Lately, I've had to remind myself ( or my best friend has had to remind me) that there are things that are out of my control. Someone being mad at me is out of my control. A friend totally changing into something bad is out of my control. The way people around me act is out of my control. I can pray for them, but I can not change them. There are things that are out of my control. They are in God's control. In the end, all these situations I want to change don't matter because God will change them. It's out of my control. I can't save the world.
Thursday, February 25, 2010
Out of my Control
I have a "Save the World" complex. I want to save the children from child abuse. I want to save my friends when they have troubles in their relationships. I want to save my children from the perils of this world. But more than anything, I want to save people from hell. I want to see each and every one of you in heaven. Sadly, I know there are no guarantees of that. There are people who don't even believe in God. There are also people who believe, yet refuse to heed His warnings. They refuse to obey His commandments. They refuse to do what He says to do. It cuts into their social schedule or the way they are accustomed to living their life. These are the people who aren't going to make it. I see people around me doing what's wrong, not in my eyes, but in the eyes of God. How do I know what's right and wrong in the eyes of God? That's easy. God wrote it to me, in The Bible. The Bible is the guide for my life. That tells me what I need to know.

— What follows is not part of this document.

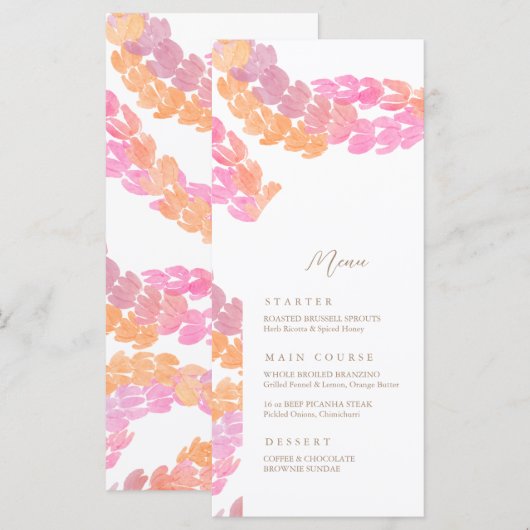 ピカケ結婚の メニュー (正面/裏面)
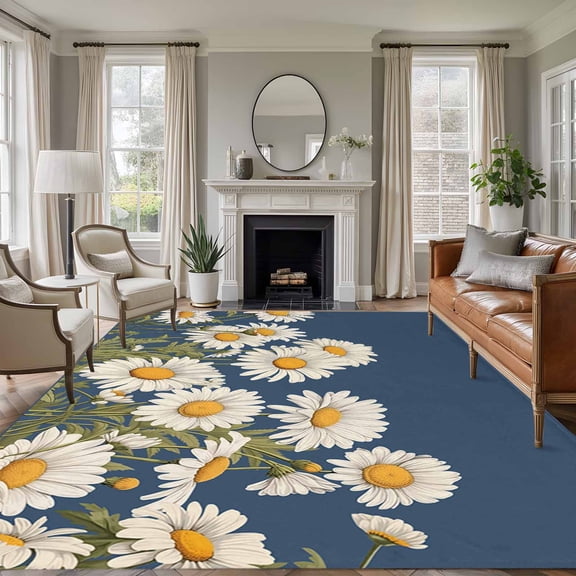 Large Area Rug 8'x10', Daisy Non-slip Runner Carpet for Living Room/Bedroom/Office, Spring Floral Summer Botanical Elegant Navy Blue Outdoor Indoor Area Rug Floor Mat for Kitchen/Dining Room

Wednesday, February 17, 2010
The "Fun" Girl
When I was a kid, I wanted nothing more than to be in the popular crowd. They were the pretty people. They drove the best cars. They wore the best clothes. They had the best times. Well, I never was in the popular crowd. But when I became older, I became a part of a different kind of crowd. I was in the party crowd. We wore the best clothes. We went to the best places. We had the best times. And we definitely attracted attention. Where I lacked the attention of all the most popular guys in high school, I was definitely making up for now. I was attracting men right and left. The fact that they weren't the right kind of men or the right kind of attention didn't matter. All that mattered was that I was attracting them.
Of course, now I'm not the "Fun" girl anymore. I'm the good girl, and well she's just no fun. That's what some people would tell you. Sure, I don't smoke, drink, or cuss anymore. I don't go to bars, and I don't sleep around. I won't laugh at the inappropriate jokes I used to laugh at, and if you send me one of "those" forward texts, I will immediately delete it.
One of the main things that makes me not the "Fun" girl is my decision to be celibate until marriage. That's right, no sex of any kind until I'm wearing that long, white gown and a ring on my left hand. This also makes dating very difficult. This is one of the reasons I don't date. When you tell a guy you're celibate, one of two things happens. One, he runs in the other direction ( bye bye). Or two, he tells you that you're just so beautiful and amazing and sooooo worth the wait. That is, until he realized that you really mean it and all the flattery and pretty words in the world won't get him down your pants. Then he's running trying to catch up with the first guy.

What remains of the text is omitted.